Go to the line with "Victor Osimhen ha" in the material below and copy from there through the line with "(m) Juventus Shirt", exactly. Pictures are not copied.

INPUT DATA:
== Segment start ==

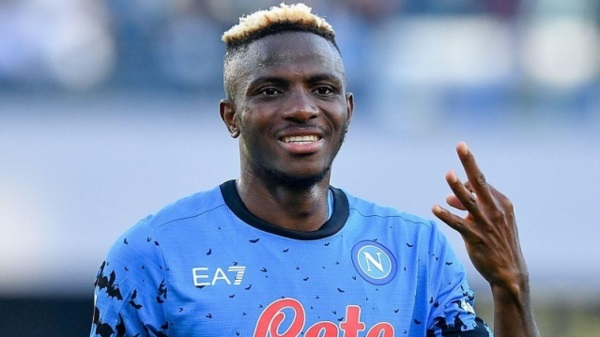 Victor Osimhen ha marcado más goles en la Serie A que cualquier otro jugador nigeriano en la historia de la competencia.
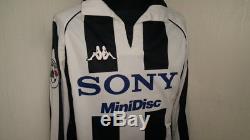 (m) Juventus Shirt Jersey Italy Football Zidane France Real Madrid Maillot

== Segment end ==
== Segment start ==

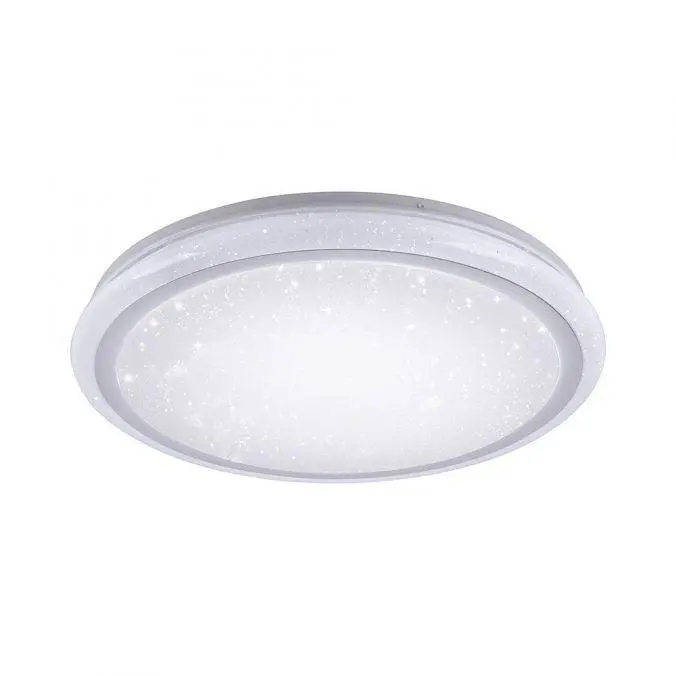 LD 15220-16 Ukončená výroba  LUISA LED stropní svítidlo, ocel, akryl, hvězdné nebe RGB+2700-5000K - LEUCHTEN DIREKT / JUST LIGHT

== Segment end ==

ANSWER TO THE EXERCISE:
 Victor Osimhen ha marcado más goles en la Serie A que cualquier otro jugador nigeriano en la historia de la competencia.
 (m) Juventus Shirt Jersey Italy Football Zidane France Real Madrid Maillot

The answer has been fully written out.